What struck me when I saw the seating plan of the BA77 flight on which Jimmy Mubenga died on 12 October 2010 was his seat’s proximity to the toilet at the back of the plane. Also was the fact that he was hedged in left, right and centre by G4S operatives. As The Guardian reported, on that same flight, there were British, American and Canadian engineers going to make money for themselves and families from Angola’s lucrative oil fields, diamonds, gold and copper mines. Jimmy Mubenga was the only citizen going back to his own country in chains, seated by the back toilets.
The Crown Prosecution Service last week decided not to prosecute G4S or its employees over the death by “restraint” of Jimmy Mubenga. Former chief prisons inspector Lord Ramsbotham said: “In the face of all the evidence . . . I find that CPS decision, at kindest, perverse.” Indeed it was perverse in the full sense of that word, not just against the evidence, but wicked — and entirely consistent with the British state’s attitude and behaviour towards citizens of “lesser countries”.
Angola is five times bigger than UK in land mass, it is Africa’s third largest producer of oil but it ranked 148 out of 165 countries on the UNDP Human Development Index. Just over 70 per cent of the population live under the poverty line. Nearly 30 per cent of the population is illiterate, while over 60 per cent have no access to potable water. And UK companies are among the multinationals raking in billions every year from that country, indifferent to plight of the Angolan peoples.
reported that on the plane Jimmy was apparently resisting deportation. No, he
was rather resisting the imminence of protracted hunger and poverty; he was
resisting an unjust economic order that skewered his country resources away
from him to the benefit of western powers. “Help me! Help me... they are going
to kill me...” were Jimmy’s cries in the plane when he was heavily restrained
by the security operatives. None of BA’s pilots or stewards called for a doctor
on board, neither did any of those expatriate passengers going to Angola for a
better life moved from their seat nor raised their voices to save Jimmy.

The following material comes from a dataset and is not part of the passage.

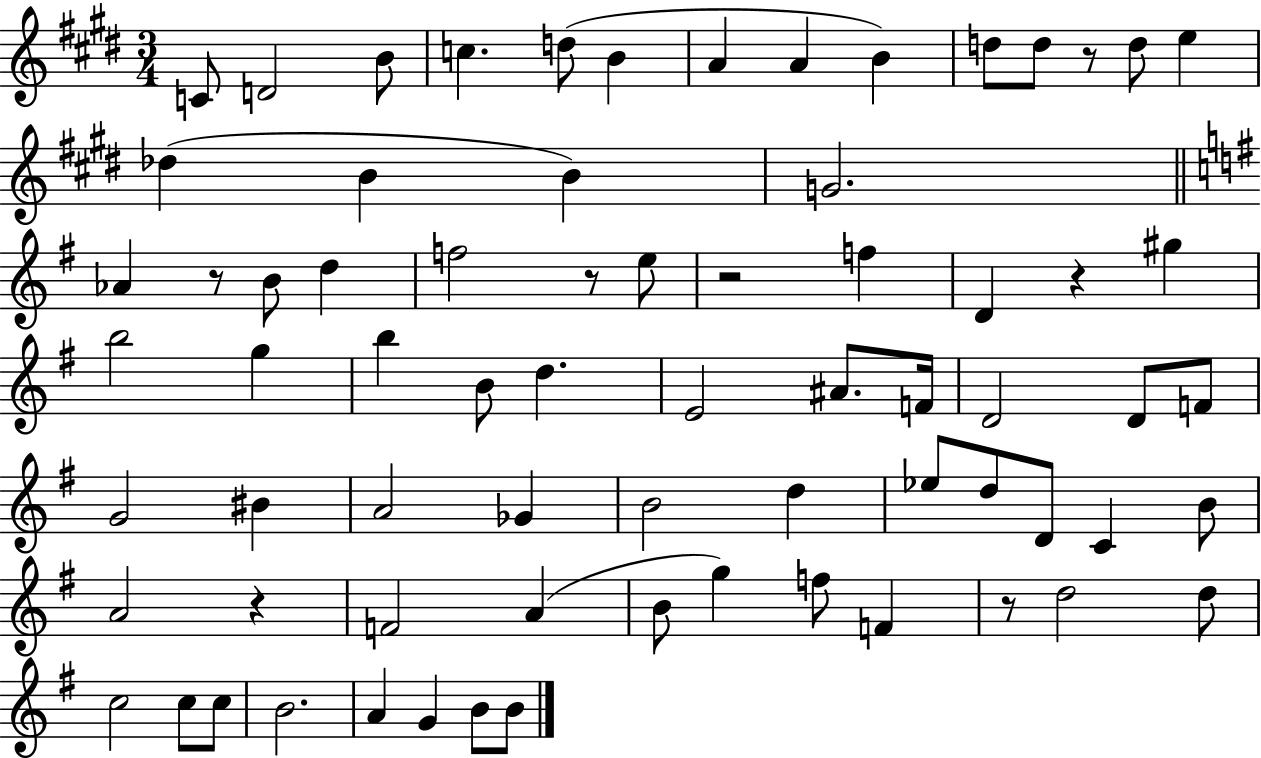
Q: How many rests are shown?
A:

Michael, an American oil worker on board said: "For the rest of the my
life I'm always going to have that at the back of my mind – could I have done
something? That is going to bother me every time I go to sleep. I didn't get
involved because I was scared I would get kicked off the flight and lose my
job. But that man paid a higher price than I would have."

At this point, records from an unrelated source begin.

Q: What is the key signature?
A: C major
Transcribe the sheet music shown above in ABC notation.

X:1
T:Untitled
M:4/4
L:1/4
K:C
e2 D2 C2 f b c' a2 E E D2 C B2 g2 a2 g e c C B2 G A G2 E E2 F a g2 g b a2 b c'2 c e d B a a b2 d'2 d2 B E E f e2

It is that same dynamic of indifference on the plane that plays out on the ground in Angola, Nigeria, Congo or anywhere multinational companies squirrel away billions annually while being indifferent to the plight of natives who live on less than a dollar a day. When Nigerians led by Ayodeji Omotade bothered to challenge G4S operatives over the inhuman force meted out on another deportee in a BA 75 flight in 2008, not only did the pilot ordered him and his cohorts off the plane and BA barring him for life for being “disruptive,” the police stripped Mr Omotade of his cash and charged him to court.
That same week when Jimmy was killed on board, American commanders were agitated, running helter-skelter after bungling the rescue of a British citizen kidnapped in Afghanistan. General Petraeus flew over to London within days and President Obama called to reassure the Prime Minster and console the family. Had Jimmy Mubenga been an Australian, or a Canadian or an American, what happened on the BA 77 flight would never have been. In 2008, the British girls convicted of drug related offences in Ghana were later released to the British high commission in Accra.
Even Alan Hodgson, who was sentenced to 20 years in a Ghana prison for the same drug related crime, was later released to complete his term in London. Simon Mann, who with Margaret Thatcher’s son was convicted of a coup plot against the government of the oil-rich Equatorial Guinea, was sentenced to 34 years, but served only one year. As British citizens, they are not obliged to serve in African prisons. And yet in 2010, more than 80 Caribbean and African women were on six weeks hunger strike in Yarl Wood detention centre protesting the violent and vicious ways they and their children are being treated to by Serco operatives running the centre. Eliud Nyenze, a Kenyan died crawling on the floor in Oakington detention centre after his repeated cries for medical attention were ignored by G4S operatives running the centre. The Nigerian businessman Frank Ogboru died also screaming, “I can’t breathe, I can’t breathe", when he was restrained by four policemen in Woolwich in 2006.
The Crown Prosecution
Service decision not to prosecute G4S only confirms the lived experience of Jimmy,
Eliud, Frank and so many others.
The degree of respect the UK shows to a foreigner is proportional to the respect they show his/her country of origin. The maltreatment of Jimmy by G4S was not just an isolated case on the plane, it is routine treatment of citizens of lesser countries that is most manifest in the detention centres, ports of entry, and in the discriminatory immigration laws. Had the Guardian not forced the case into national attention by making it a front page headline for two consecutive days amidst other ‘worthwhile’ issues, a lot of people would not have known that such is going on and we might have believed the Home Office and G4S approved lie that Mr Jimmy Mubenga “took ill”.